BEGIN GIVEN MATERIAL

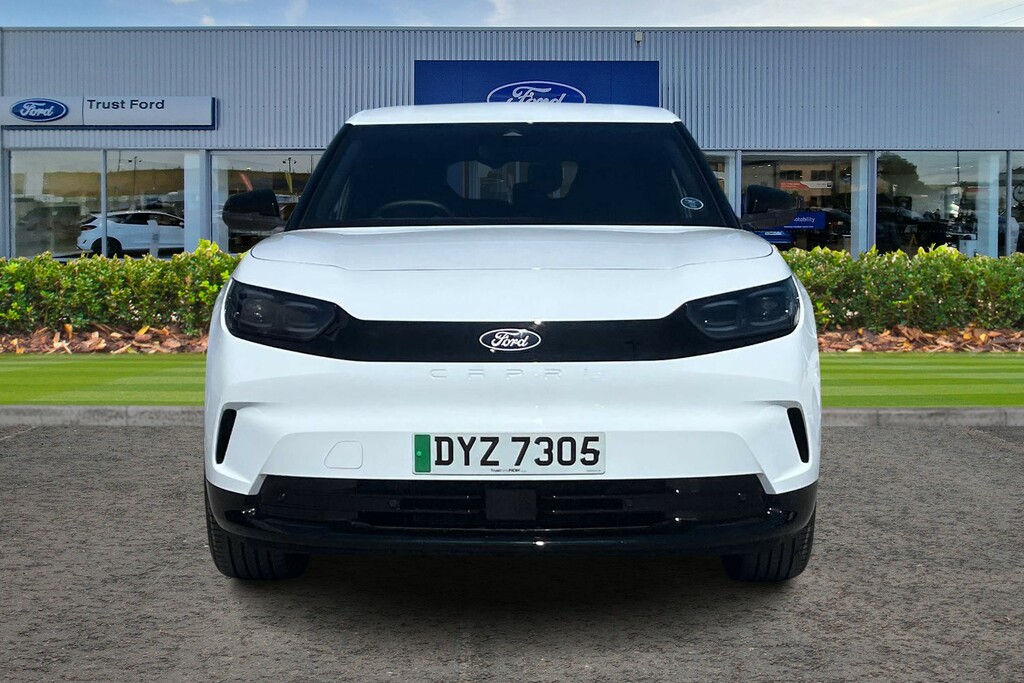 Ford Capri 210Kw Select 77Kwh White #6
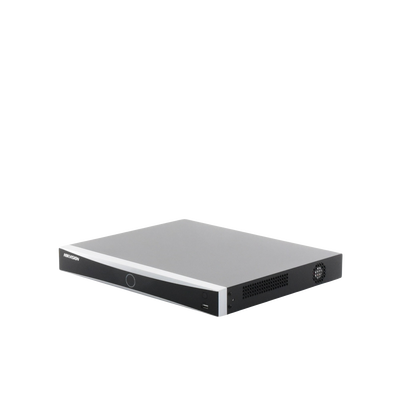 NVR 12 Megapixel (4K) / 32 canales IP / AcuSense (Evita Falsas Alarmas) / Reconocimiento Facial / 2 Bahías de Disco Duro / HDMI en 4K / Sin Puertos PoE+ - Image 2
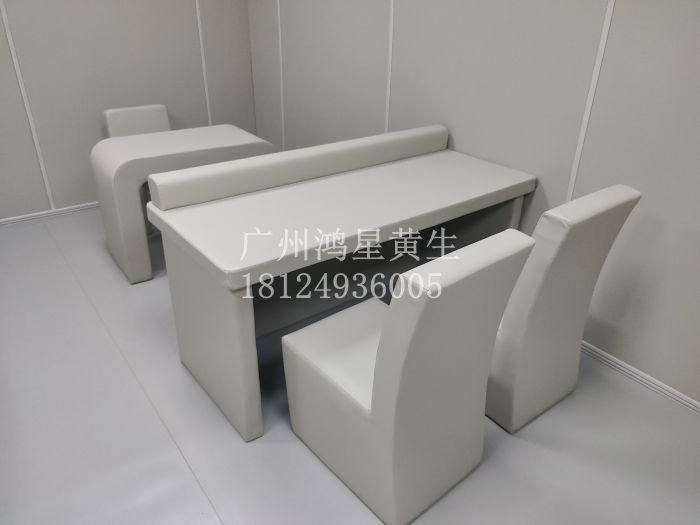 防撞软包桌椅是什么材质的板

END GIVEN MATERIAL

Without the pictures, write out all of the material exactly.

> [RESULT]:
 Ford Capri 210Kw Select 77Kwh White #6
 NVR 12 Megapixel (4K) / 32 canales IP / AcuSense (Evita Falsas Alarmas) / Reconocimiento Facial / 2 Bahías de Disco Duro / HDMI en 4K / Sin Puertos PoE+ - Image 2
 防撞软包桌椅是什么材质的板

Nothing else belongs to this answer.